Two major exhibits are being offered right now, one on the Olmec culture's art (big carved stone heads, no photos allowed) and the other on Balenciaga's textiles (lots of red dresses and handbags, not my thing).
Pat and I enjoyed most the great sampling of art we experienced on three guided tours: a look of the entire museum's highlights; a detailed tour of the American art collection, and the Olmec sculptures and carved icons, a convergence of art, archeology and history.
And, the building and grounds are among the most thoughtful anywhere, from the ironic cracks in the courtyard (fault line art) and the greening copper sheathed structure, to the spectacular views of art, architecture and scenery everywhere you look.
Our volunteer tour guides made the day, particularly the serendipitous presence of one docent who turned out to be a neighbor of our old friend Frank McCulloch. (Frank, one of my journalistic heroes, happened to be my boss and mentor at The Bee in the 1980s.)
The guide, named Joan, was knowledgeable, witty, clear-voiced and friendly. She was as delighted as we were to find out we have a great friend in common, and I was able to tell her a few Frank stories she had not heard. Pat sent a hug back to Santa Rosa with Joan for Frank.
Joan was particularly knowledgeable about early American portraits, telling stories about the people and their place in history. Every painting seemed to have a story, whether it was how the subject was too cheap to have his or her hands painted (that cost extra) or why drapes figured so prominently in the background so often (cheaper and easier to paint than detailed landscapes or interiors). Even artists have to make a living.
I enjoyed hearing, for the first-time since Fourth Grade Art Appreciation Class, the role that painters played in different eras of our history, whether reflecting Manifest Destiny, sanctifying John Brown, or preserving a Boston Sea Captain's vanity.
The most surprising moment at the museum for me came when were looking at an abstract sculpture (construction?) made of burned pieces of wood suspended from the ceiling into a giant hanging cube. Not much to look at.
A museum guard, standing against the wall, quietly told me that the pieces of wood came from the African American Church in Birmingham, Alabama, where four little girls were murdered by a racist bomber in the 1960s. The museum's official description of the work discussed the work in abstract terms, but he made it more real than he could have known.

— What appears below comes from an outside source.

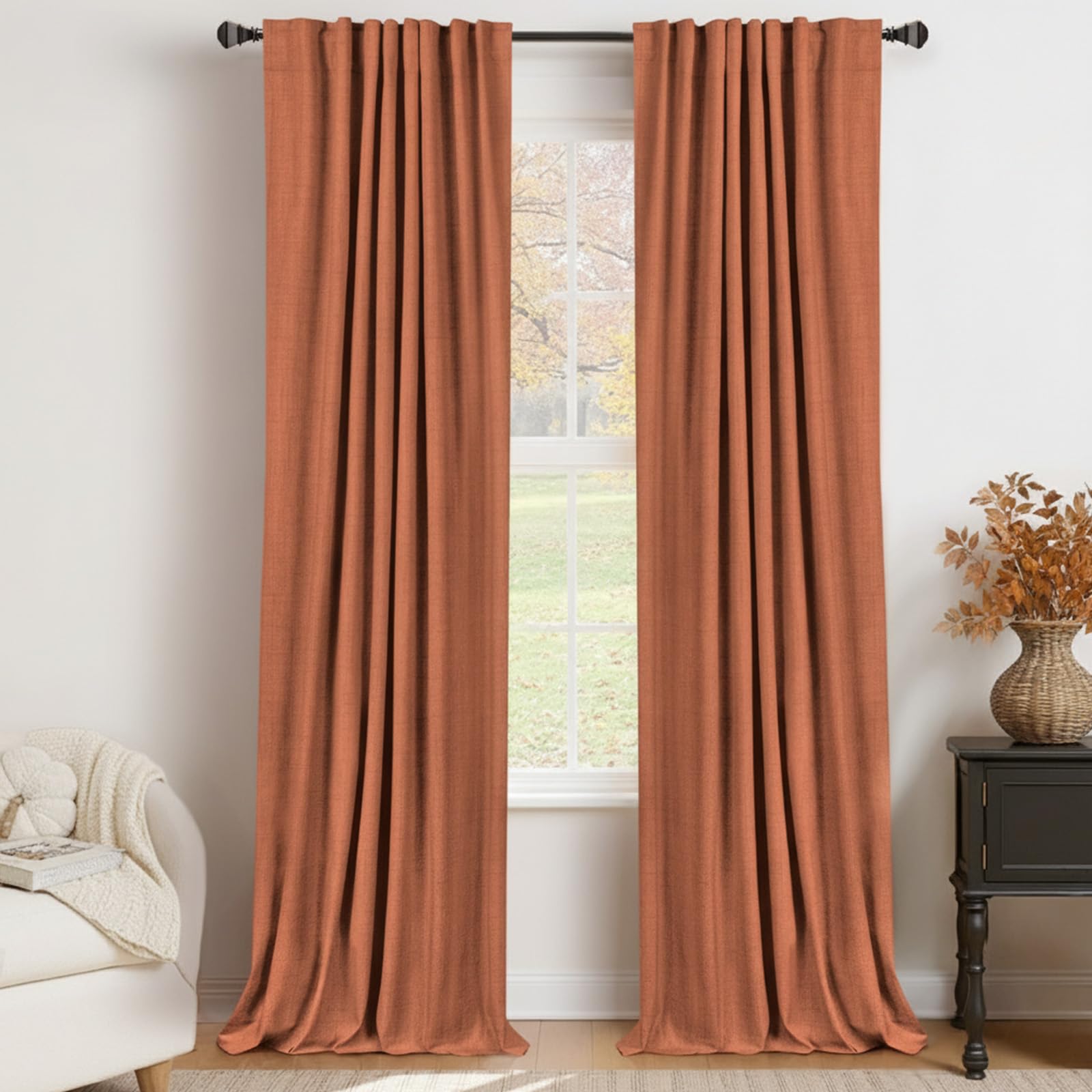 Photo 1 of 100% Blackout Shield Linen Blackout Curtains for Bedroom 90 Inches Long, Back Tab/Rod Pocket Living Room Drapes, Thermal Insulated Blackout Curtains 2 Panels Set, 50" W x 90" L, Burnt Orange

I lived in Alabama in the 1960s, briefly covered Civil Rights as a journalist in that era. The ashes of that destroyed church, and four lives destroyed by hate, will never be an abstraction for me.
It never occurred to me to take a photo. I just looked and thought about where it came from, and where we came from and where we are heading.
The art wasn't all that moving. There were satirical paintings, grand landscapes, and a very nice portrait of George Washington made from one dollar bills.
One of the world's ugliest vases (pictured at the top) was adorned by a bird singing his or her heart out.
The museum is far too full of delightful stuff to go into more detail, but you owe it to yourself to visit the next time you are in the Bay Area.
And the view from the observation tower is one of the best you will ever see anywhere in San Francisco.